# Generic IEEE 1284 printer driver installation issue[MOVED FROM WINDOWS]



## allison1968 (Jul 7, 2008)

I was installing an hp photosmart printer on windows XP SP2. I was able to install the software and the printer driver but when I got to the part where it was looking for the generic printer driver it could not be found on either the downloaded driver from HP or my Windows xP installation disk. I have an unknown device in the device manager that I would like to update with the driver so the printer will respond. Is there anyone who can help with this>? Any help will be appreciated.

Thanks:4-dontkno


----------



## Coolfreak (May 27, 2008)

*Re: Generic IEEE 1284 printer driver installation issue*

*Here* is a free program which can help you find out exactly what the Unknown device is.

_(Simply click the colored link to be re-directed)_

Which will then help us verify what driver you need.

-Coolfreak


----------



## Dwarflord (Dec 13, 2007)

*Re: Generic IEEE 1284 printer driver installation issue*

Nice post Coolfreak:smile:


----------



## allison1968 (Jul 7, 2008)

*Re: Generic IEEE 1284 printer driver installation issue*

Thanks for your help so far. Iknow the device is the printer because as soon as I disconnect it the generic unknown device disappears. I am technical and usually the driver can be found in the cab files or on the driver but to no avail this time. I also tried the win xp cd and still can't locate the file.

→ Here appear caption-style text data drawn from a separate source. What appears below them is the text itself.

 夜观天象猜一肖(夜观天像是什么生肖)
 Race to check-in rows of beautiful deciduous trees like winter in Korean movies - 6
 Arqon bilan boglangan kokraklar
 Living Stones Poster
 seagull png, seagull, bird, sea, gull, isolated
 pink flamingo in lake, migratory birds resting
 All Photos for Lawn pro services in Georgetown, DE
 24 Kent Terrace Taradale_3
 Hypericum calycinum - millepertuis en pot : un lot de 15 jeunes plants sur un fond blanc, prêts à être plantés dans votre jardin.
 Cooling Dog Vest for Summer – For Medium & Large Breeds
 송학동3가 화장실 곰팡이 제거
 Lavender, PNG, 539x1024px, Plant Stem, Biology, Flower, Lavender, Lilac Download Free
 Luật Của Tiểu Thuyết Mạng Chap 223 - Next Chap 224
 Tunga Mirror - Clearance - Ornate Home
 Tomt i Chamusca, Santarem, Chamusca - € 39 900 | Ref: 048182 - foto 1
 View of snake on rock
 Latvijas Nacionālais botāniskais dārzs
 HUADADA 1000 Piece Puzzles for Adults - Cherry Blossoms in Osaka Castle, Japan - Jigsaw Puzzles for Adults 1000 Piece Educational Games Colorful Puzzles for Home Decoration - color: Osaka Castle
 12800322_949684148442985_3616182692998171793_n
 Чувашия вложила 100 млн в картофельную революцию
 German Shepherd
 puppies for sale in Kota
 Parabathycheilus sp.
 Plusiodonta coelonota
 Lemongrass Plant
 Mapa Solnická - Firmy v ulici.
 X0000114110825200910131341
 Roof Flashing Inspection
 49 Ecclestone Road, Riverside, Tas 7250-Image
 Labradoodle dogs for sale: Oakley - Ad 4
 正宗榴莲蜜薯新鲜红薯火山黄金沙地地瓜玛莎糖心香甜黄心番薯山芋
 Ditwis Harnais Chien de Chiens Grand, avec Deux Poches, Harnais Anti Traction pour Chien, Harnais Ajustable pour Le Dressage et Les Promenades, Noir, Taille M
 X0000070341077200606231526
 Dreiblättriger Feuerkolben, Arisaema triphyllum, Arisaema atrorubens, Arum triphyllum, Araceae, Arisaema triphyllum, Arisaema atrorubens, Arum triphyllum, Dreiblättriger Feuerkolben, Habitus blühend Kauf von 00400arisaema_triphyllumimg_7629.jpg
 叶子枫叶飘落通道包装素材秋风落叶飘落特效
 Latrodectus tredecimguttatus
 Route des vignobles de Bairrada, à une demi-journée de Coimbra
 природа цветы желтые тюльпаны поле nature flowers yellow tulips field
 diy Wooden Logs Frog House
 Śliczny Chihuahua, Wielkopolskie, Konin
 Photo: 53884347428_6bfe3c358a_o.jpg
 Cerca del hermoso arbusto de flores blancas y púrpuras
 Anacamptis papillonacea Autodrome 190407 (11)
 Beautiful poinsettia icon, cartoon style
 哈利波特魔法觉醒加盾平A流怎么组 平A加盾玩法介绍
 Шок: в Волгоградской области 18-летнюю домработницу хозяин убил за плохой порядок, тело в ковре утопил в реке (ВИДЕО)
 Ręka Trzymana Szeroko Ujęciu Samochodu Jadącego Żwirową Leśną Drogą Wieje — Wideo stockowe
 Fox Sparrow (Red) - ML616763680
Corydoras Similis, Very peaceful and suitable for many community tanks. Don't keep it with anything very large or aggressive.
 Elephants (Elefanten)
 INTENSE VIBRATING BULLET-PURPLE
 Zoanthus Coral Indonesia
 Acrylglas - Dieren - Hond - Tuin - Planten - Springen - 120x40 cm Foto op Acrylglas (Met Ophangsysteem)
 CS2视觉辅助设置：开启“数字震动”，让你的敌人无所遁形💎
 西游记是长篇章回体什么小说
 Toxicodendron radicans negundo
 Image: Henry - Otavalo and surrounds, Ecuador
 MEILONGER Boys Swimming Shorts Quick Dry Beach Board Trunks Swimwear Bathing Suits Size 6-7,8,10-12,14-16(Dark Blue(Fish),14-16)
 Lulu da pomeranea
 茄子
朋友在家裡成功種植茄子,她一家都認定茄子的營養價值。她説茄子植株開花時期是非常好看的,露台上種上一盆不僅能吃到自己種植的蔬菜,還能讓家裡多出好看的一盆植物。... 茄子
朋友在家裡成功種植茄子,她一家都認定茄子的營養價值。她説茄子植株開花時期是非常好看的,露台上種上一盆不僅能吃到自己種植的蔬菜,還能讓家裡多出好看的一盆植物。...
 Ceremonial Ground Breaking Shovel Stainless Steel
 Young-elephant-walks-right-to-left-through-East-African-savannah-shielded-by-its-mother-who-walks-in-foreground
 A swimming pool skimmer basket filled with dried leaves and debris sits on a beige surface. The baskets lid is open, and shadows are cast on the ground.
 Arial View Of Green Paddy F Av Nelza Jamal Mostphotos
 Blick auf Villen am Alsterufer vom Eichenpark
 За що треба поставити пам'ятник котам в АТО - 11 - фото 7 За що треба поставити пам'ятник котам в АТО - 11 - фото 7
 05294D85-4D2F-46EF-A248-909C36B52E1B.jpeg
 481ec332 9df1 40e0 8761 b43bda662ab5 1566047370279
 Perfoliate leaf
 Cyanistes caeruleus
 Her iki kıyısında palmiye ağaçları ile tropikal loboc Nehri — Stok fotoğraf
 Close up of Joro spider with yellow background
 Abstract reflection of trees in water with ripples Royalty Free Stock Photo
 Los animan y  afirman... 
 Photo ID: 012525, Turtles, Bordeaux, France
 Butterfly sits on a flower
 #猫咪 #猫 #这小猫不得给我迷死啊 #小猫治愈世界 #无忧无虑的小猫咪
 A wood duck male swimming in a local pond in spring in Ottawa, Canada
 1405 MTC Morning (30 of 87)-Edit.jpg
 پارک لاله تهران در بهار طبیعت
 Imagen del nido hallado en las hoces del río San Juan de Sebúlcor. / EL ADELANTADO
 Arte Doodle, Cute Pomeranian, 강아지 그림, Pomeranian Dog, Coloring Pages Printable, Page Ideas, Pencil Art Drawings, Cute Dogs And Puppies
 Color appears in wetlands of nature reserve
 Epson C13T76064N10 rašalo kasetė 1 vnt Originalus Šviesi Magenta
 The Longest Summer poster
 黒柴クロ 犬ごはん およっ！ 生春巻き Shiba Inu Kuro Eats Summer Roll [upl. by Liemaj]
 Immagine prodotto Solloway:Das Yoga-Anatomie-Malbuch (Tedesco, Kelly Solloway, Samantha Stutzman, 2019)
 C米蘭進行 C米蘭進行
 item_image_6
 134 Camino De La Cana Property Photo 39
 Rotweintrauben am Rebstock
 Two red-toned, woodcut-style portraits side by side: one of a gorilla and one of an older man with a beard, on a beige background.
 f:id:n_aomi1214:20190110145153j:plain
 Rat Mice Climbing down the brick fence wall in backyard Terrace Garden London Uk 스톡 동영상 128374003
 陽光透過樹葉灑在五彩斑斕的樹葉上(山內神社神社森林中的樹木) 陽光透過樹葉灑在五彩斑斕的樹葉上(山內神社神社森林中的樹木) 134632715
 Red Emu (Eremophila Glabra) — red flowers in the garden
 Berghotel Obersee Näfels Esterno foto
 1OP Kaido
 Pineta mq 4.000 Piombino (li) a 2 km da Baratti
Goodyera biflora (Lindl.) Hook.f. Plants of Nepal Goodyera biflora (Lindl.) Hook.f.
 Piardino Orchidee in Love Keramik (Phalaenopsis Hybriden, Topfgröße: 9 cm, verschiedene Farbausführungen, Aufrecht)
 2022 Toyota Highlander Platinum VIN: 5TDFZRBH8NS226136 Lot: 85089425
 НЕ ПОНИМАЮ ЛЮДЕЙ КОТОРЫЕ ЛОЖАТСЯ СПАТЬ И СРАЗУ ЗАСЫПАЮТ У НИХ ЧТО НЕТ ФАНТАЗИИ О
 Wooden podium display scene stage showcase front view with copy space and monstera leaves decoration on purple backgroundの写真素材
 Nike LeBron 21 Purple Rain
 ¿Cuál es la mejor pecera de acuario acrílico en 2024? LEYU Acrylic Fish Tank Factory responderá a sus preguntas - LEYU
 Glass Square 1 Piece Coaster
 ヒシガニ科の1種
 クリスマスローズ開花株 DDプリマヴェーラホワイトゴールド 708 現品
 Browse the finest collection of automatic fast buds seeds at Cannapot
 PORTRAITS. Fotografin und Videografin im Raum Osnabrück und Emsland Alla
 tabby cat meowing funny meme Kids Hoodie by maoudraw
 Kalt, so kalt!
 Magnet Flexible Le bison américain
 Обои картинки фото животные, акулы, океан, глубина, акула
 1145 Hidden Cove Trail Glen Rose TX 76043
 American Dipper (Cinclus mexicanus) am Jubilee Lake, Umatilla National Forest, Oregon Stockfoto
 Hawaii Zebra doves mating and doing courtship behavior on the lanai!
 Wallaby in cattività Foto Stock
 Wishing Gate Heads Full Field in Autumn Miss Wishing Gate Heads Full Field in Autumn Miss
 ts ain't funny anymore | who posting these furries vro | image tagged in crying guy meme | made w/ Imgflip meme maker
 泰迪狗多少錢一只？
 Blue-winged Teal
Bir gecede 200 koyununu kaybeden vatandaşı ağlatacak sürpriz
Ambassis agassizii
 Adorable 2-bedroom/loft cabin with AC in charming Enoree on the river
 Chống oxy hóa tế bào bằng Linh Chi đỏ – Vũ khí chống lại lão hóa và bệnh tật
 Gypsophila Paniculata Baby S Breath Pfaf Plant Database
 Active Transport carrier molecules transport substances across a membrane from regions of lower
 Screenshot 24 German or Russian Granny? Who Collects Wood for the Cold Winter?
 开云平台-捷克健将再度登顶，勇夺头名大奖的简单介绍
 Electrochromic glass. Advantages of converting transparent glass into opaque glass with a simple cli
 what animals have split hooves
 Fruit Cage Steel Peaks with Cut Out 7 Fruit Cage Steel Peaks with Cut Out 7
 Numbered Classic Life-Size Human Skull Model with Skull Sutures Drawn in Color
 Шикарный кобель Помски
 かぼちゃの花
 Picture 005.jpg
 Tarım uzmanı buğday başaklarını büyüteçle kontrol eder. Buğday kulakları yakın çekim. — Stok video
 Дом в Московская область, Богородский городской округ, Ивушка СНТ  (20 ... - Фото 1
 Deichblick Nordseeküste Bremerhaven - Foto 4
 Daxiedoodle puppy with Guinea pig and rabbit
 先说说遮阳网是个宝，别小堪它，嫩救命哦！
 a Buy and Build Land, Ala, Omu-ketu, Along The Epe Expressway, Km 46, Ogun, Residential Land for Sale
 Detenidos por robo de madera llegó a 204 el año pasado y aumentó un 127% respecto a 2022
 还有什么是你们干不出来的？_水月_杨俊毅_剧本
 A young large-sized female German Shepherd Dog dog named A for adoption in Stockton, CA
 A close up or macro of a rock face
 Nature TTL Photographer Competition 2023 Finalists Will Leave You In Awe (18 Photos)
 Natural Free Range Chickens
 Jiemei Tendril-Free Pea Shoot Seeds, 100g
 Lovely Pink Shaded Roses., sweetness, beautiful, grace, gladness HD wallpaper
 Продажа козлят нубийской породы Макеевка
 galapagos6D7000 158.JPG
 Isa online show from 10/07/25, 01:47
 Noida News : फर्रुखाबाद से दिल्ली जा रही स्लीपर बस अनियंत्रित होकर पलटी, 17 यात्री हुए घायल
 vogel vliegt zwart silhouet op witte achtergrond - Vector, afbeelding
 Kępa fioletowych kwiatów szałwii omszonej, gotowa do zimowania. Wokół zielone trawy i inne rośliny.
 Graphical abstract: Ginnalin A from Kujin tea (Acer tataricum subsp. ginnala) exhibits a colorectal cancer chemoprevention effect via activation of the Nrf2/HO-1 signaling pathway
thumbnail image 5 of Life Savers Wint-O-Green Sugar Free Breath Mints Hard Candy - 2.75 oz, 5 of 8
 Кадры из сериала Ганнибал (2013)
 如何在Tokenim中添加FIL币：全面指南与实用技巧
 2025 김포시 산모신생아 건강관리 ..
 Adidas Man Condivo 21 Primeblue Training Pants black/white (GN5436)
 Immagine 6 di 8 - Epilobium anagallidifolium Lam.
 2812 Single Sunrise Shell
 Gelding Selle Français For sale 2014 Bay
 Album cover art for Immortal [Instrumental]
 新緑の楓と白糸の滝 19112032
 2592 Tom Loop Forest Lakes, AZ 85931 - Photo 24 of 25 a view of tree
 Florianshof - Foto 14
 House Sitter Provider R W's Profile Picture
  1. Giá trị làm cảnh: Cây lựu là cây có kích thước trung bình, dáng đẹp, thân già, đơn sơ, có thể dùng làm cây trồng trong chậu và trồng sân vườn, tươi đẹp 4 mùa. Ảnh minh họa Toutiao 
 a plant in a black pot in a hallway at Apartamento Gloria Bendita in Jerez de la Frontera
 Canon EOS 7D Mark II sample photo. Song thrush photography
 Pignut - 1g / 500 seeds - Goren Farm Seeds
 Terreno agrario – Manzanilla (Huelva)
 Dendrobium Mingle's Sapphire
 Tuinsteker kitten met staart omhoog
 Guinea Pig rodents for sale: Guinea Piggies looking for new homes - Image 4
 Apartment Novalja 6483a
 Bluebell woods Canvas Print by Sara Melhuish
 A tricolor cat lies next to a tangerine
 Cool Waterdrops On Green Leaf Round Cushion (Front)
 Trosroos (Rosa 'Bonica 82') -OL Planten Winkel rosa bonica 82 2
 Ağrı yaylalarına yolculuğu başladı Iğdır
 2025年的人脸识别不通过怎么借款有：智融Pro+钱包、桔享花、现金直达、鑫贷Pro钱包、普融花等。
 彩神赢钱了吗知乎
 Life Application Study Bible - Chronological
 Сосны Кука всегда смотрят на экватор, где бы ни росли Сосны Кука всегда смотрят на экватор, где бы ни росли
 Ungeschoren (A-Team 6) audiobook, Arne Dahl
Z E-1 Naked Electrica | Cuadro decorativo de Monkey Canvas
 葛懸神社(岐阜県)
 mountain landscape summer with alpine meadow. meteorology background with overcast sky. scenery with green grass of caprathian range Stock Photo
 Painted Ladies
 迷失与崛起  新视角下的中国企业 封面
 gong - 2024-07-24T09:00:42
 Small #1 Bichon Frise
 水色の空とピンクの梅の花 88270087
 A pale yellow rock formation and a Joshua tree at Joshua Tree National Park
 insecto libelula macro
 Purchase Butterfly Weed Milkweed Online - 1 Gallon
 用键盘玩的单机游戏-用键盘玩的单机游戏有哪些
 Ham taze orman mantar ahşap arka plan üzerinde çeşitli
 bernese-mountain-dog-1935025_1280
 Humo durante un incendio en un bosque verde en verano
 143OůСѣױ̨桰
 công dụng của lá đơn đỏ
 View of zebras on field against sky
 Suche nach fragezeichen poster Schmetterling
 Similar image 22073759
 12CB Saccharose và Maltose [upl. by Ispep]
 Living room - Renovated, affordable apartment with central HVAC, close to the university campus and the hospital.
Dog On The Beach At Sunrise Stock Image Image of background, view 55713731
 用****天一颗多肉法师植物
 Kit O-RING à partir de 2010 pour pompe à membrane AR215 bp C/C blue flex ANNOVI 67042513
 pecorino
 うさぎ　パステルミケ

any other help is appreciated:wave:


----------



## Coolfreak (May 27, 2008)

*Re: Generic IEEE 1284 printer driver installation issue*

Does the printer show up when you go to: *Start* > *Printers and Faxes*?


----------



## allison1968 (Jul 7, 2008)

*Re: Generic IEEE 1284 printer driver installation issue*

No it goes through the entire installation and after downloading a patch at the urgence of HP it will not detect the printer. The CPU does but the installation does not complete and I know if I could get the generic driver installed I can then go and find the installed driver in the list but until I can get past these hurdles I am stuck


----------